:: TASK TO COMPLETE ::
Please retype the records below exactly as they appear, leaving out every picture.

Segment Open

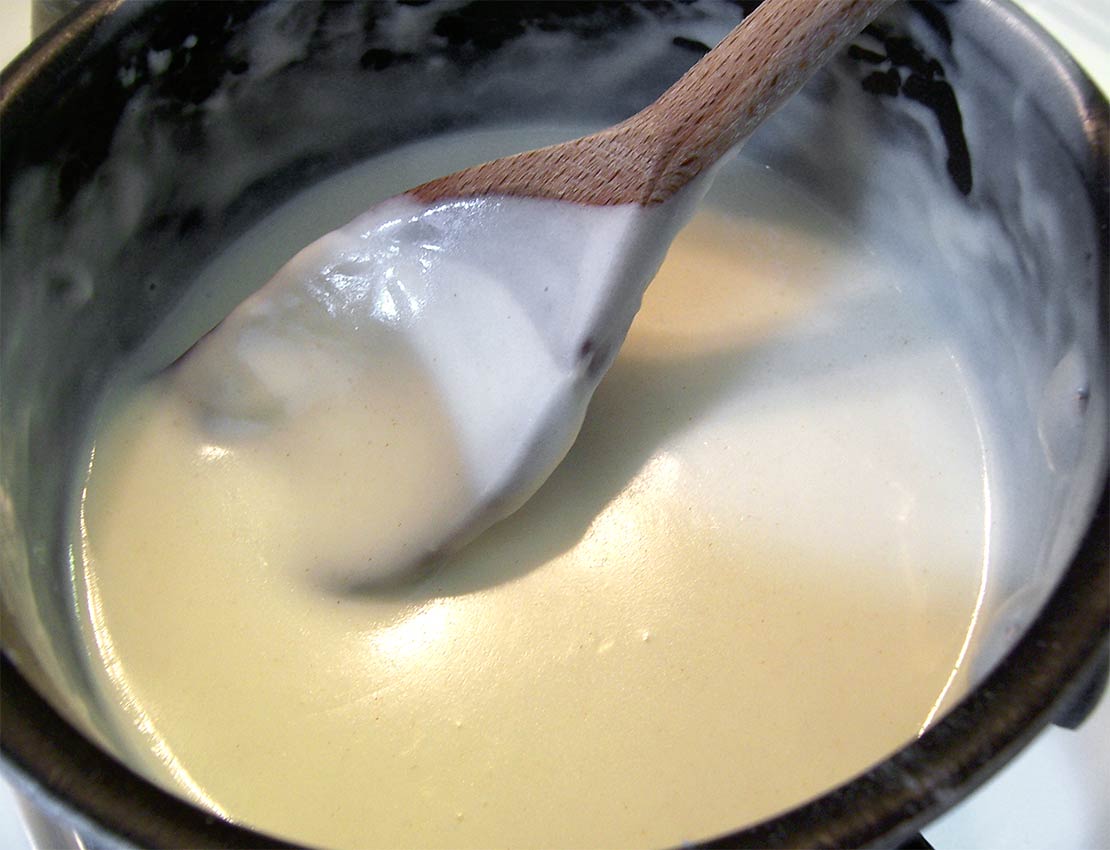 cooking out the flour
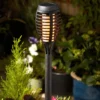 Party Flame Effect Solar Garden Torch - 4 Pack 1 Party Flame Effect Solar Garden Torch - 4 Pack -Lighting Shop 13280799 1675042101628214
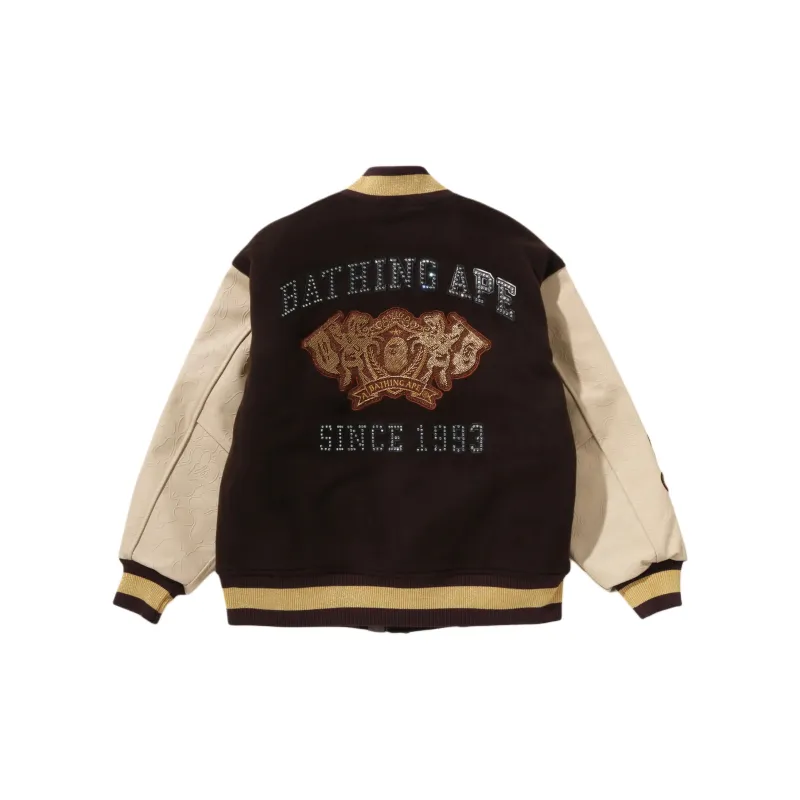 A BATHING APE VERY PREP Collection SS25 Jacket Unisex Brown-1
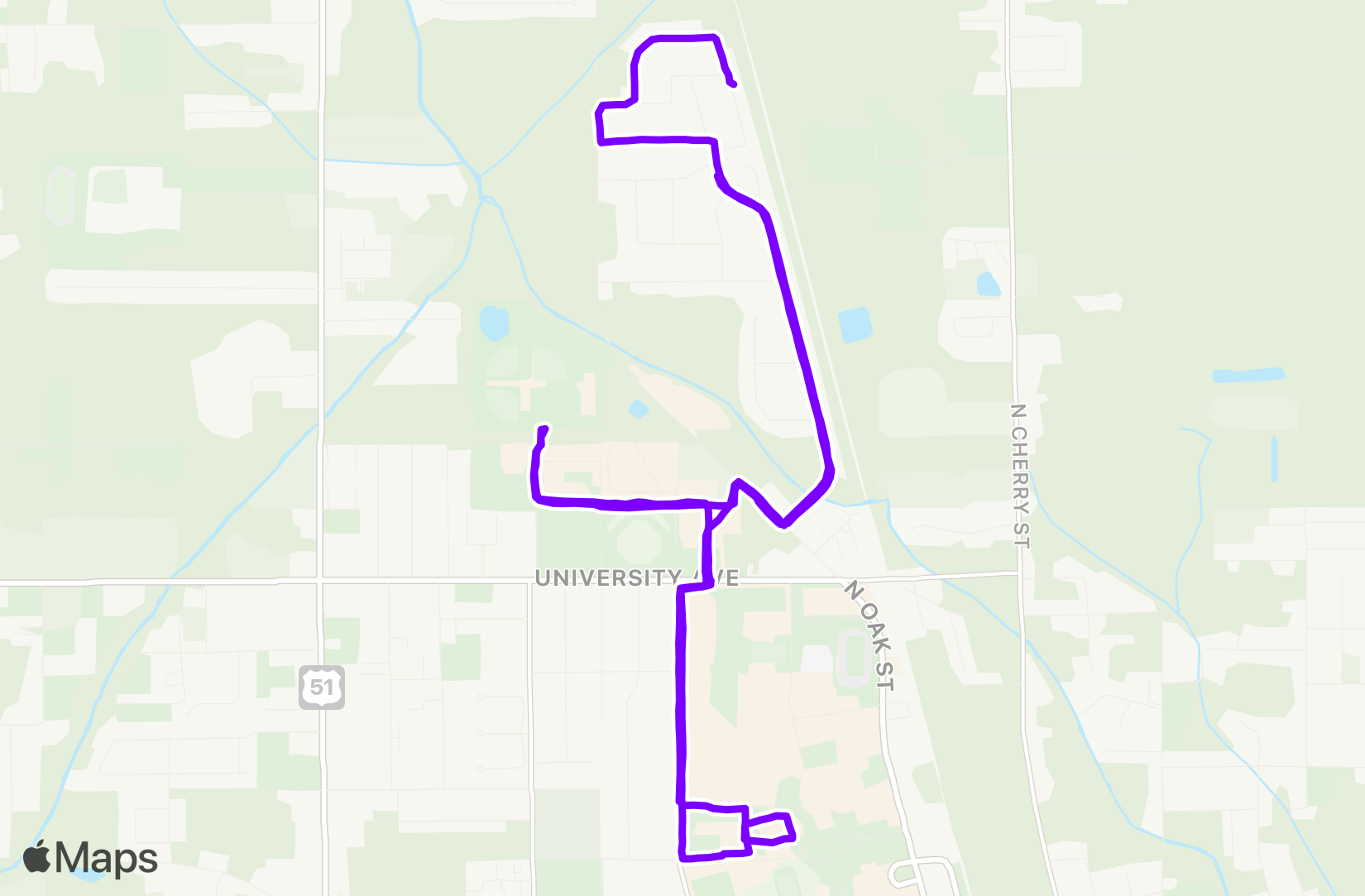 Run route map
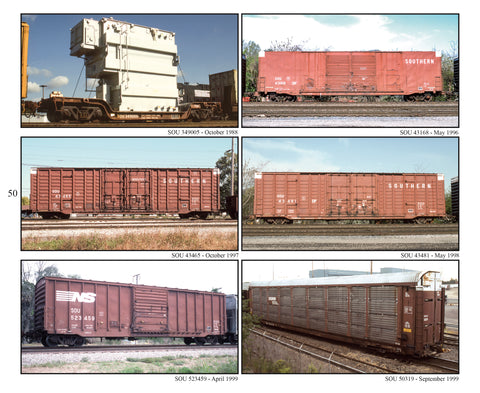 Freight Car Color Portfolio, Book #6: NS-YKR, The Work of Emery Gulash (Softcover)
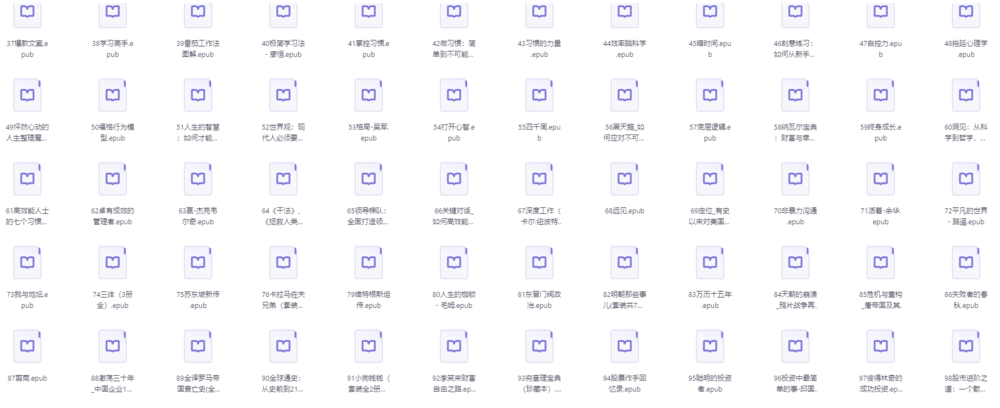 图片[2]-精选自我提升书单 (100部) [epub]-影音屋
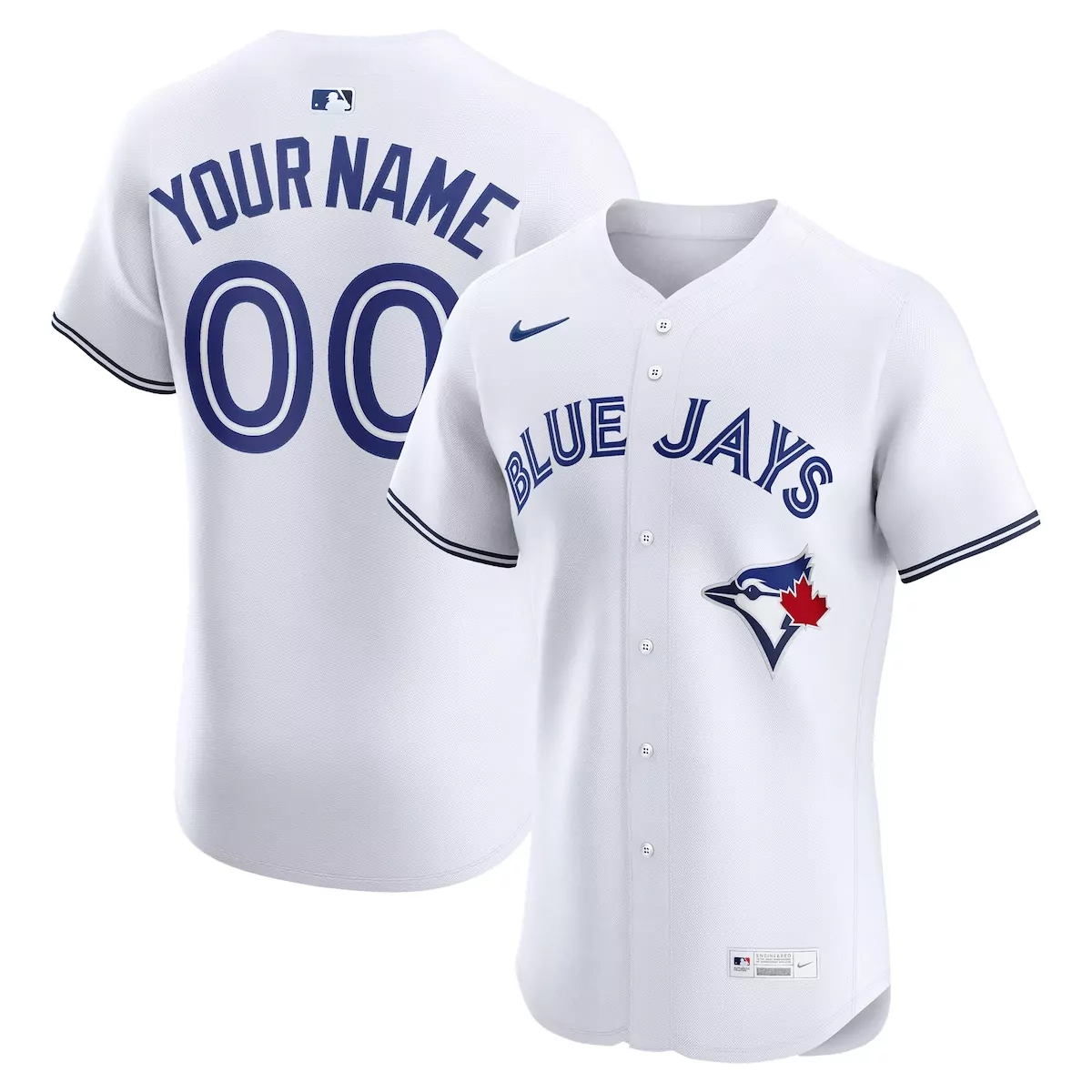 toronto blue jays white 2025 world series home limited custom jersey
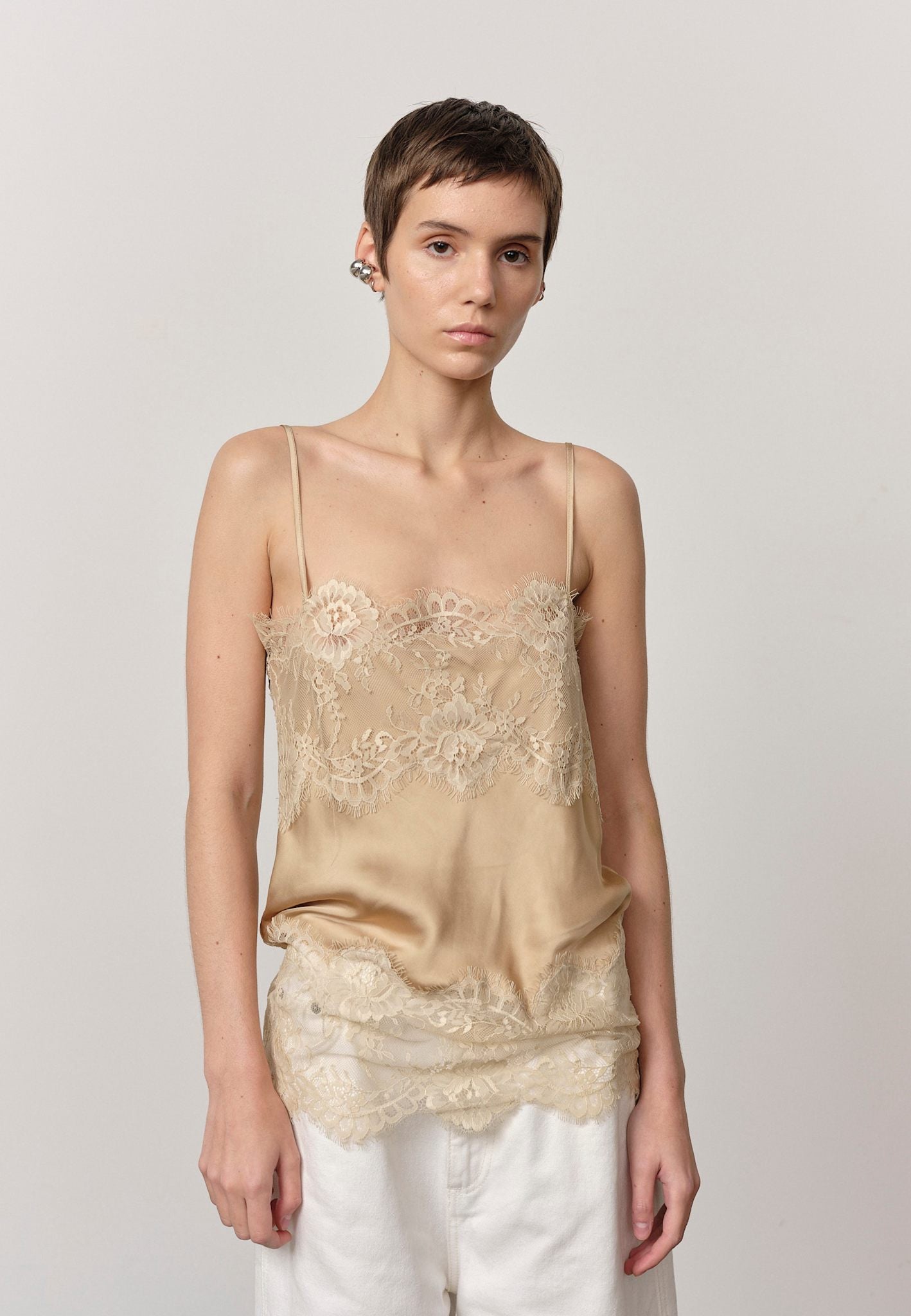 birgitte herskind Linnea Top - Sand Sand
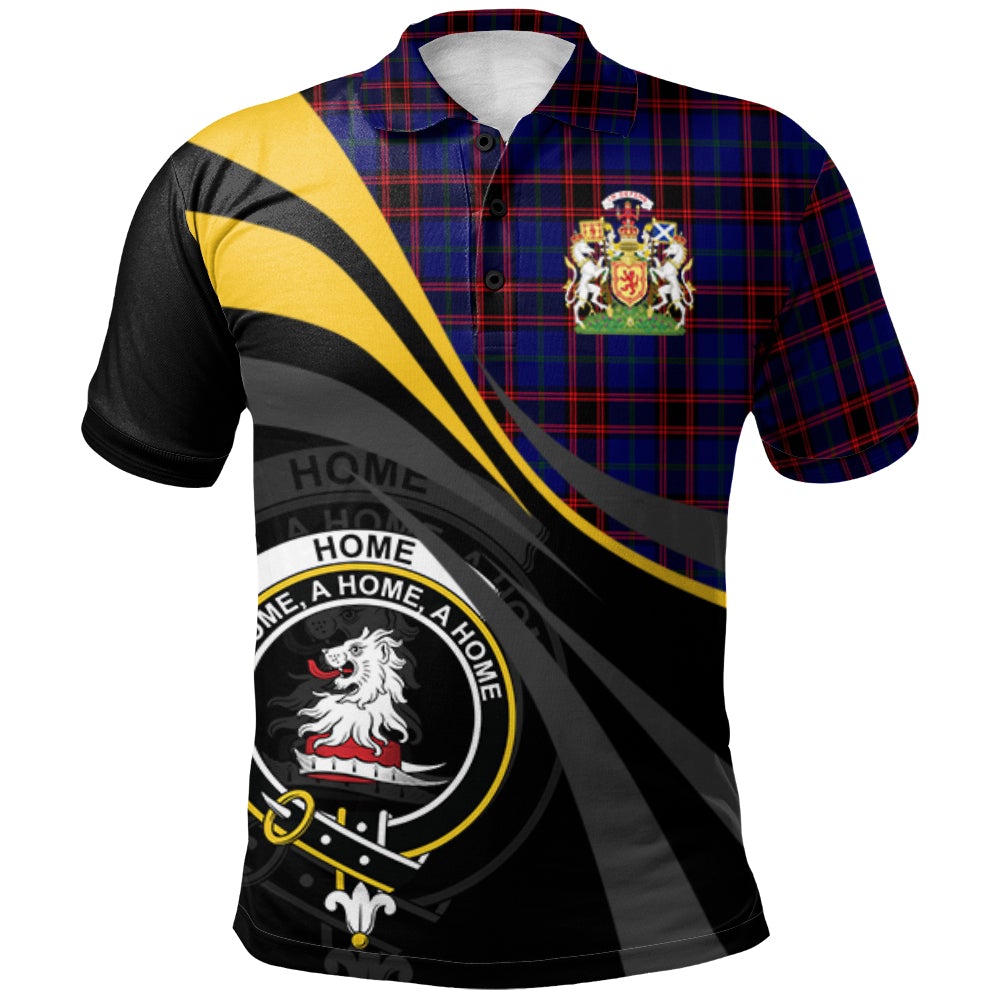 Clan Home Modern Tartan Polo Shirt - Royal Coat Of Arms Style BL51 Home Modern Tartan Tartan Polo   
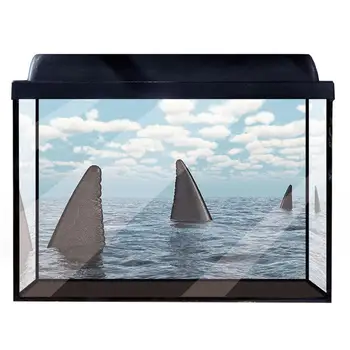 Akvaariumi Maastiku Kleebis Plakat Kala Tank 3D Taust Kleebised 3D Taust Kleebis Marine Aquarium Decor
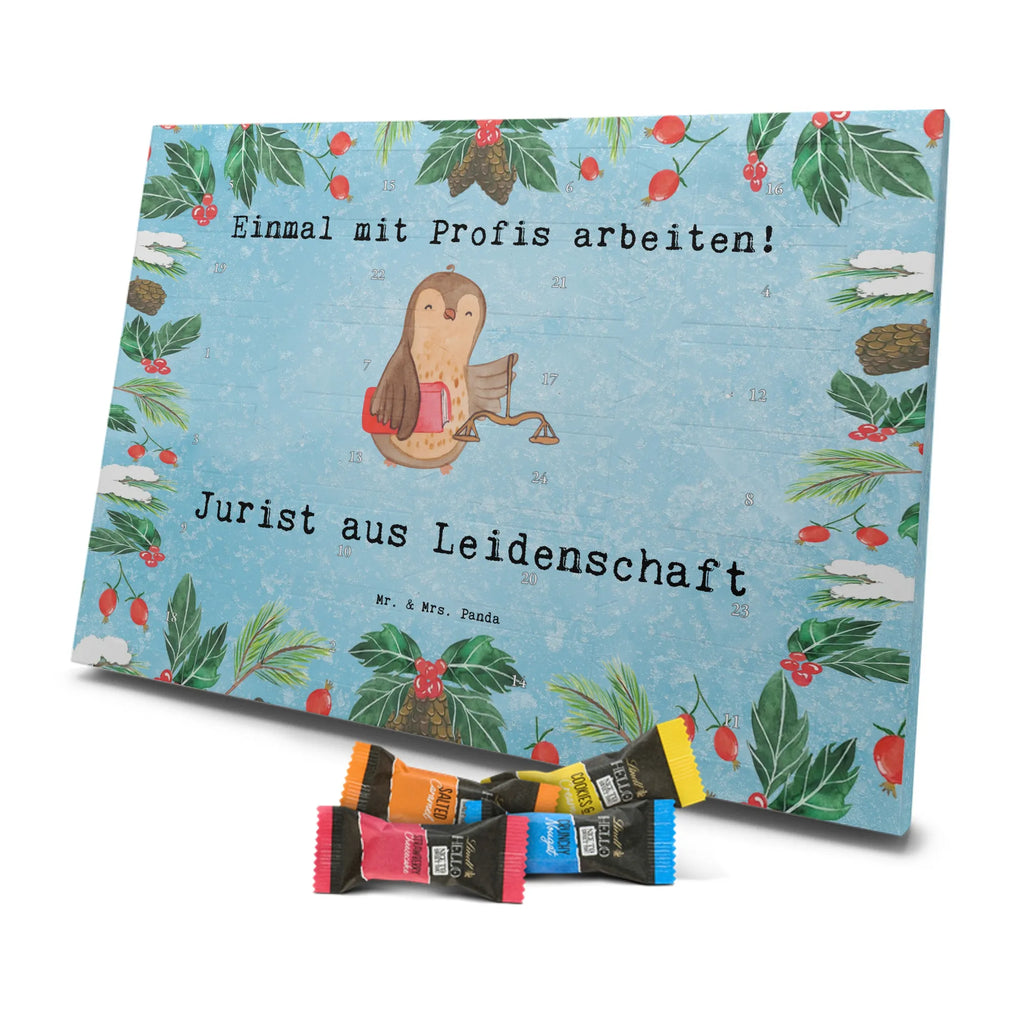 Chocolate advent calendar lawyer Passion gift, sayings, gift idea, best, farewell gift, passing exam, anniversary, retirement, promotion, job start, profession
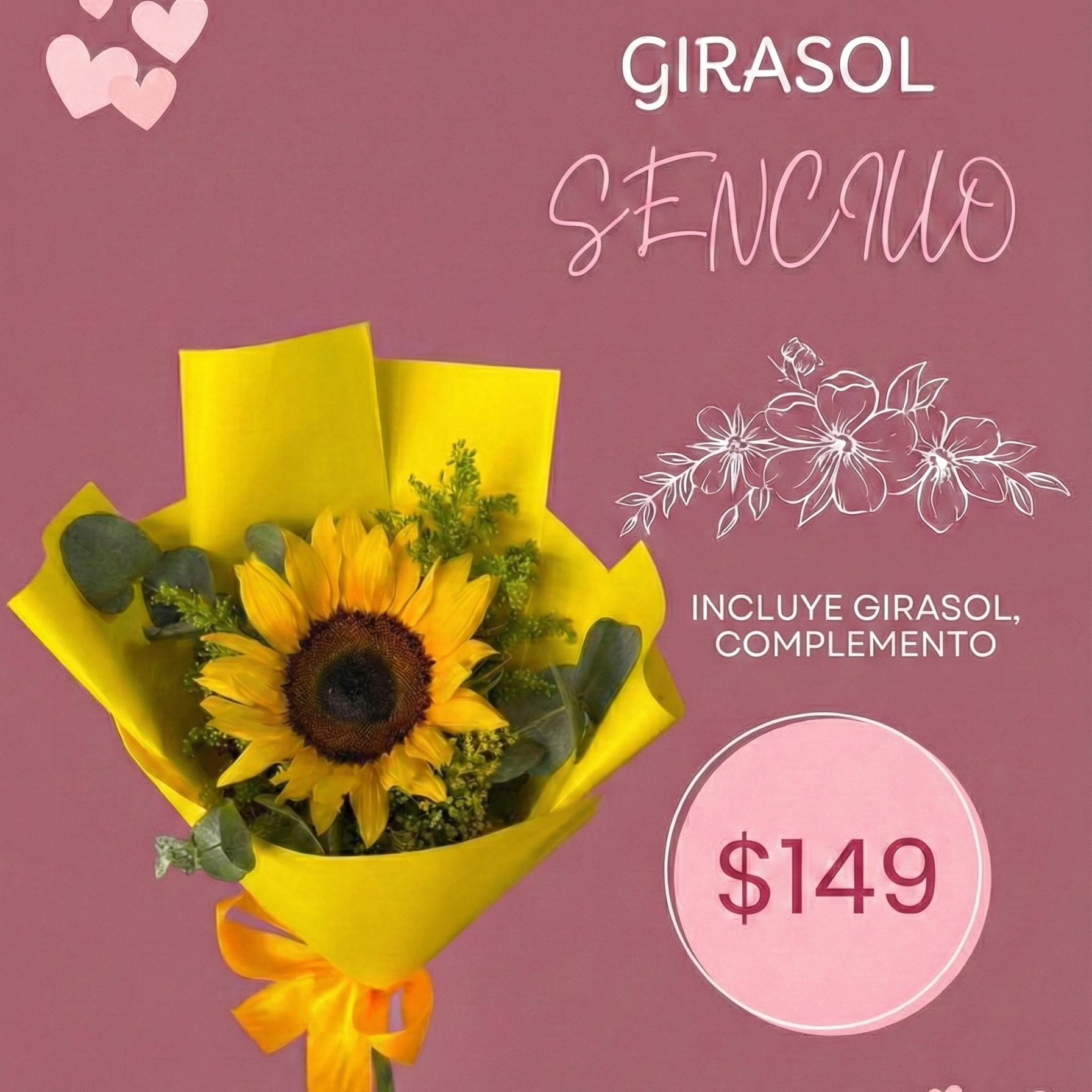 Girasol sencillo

Segment Closed

:: ANSWER AREA ::
 cooking out the flour
 Party Flame Effect Solar Garden Torch - 4 Pack 1 Party Flame Effect Solar Garden Torch - 4 Pack -Lighting Shop 13280799 1675042101628214
 A BATHING APE VERY PREP Collection SS25 Jacket Unisex Brown-1
 Run route map
 Freight Car Color Portfolio, Book #6: NS-YKR, The Work of Emery Gulash (Softcover)
 图片[2]-精选自我提升书单 (100部) [epub]-影音屋
 toronto blue jays white 2025 world series home limited custom jersey
 birgitte herskind Linnea Top - Sand Sand
 Clan Home Modern Tartan Polo Shirt - Royal Coat Of Arms Style BL51 Home Modern Tartan Tartan Polo   
 Akvaariumi Maastiku Kleebis Plakat Kala Tank 3D Taust Kleebised 3D Taust Kleebis Marine Aquarium Decor
 Chocolate advent calendar lawyer Passion gift, sayings, gift idea, best, farewell gift, passing exam, anniversary, retirement, promotion, job start, profession
 Girasol sencillo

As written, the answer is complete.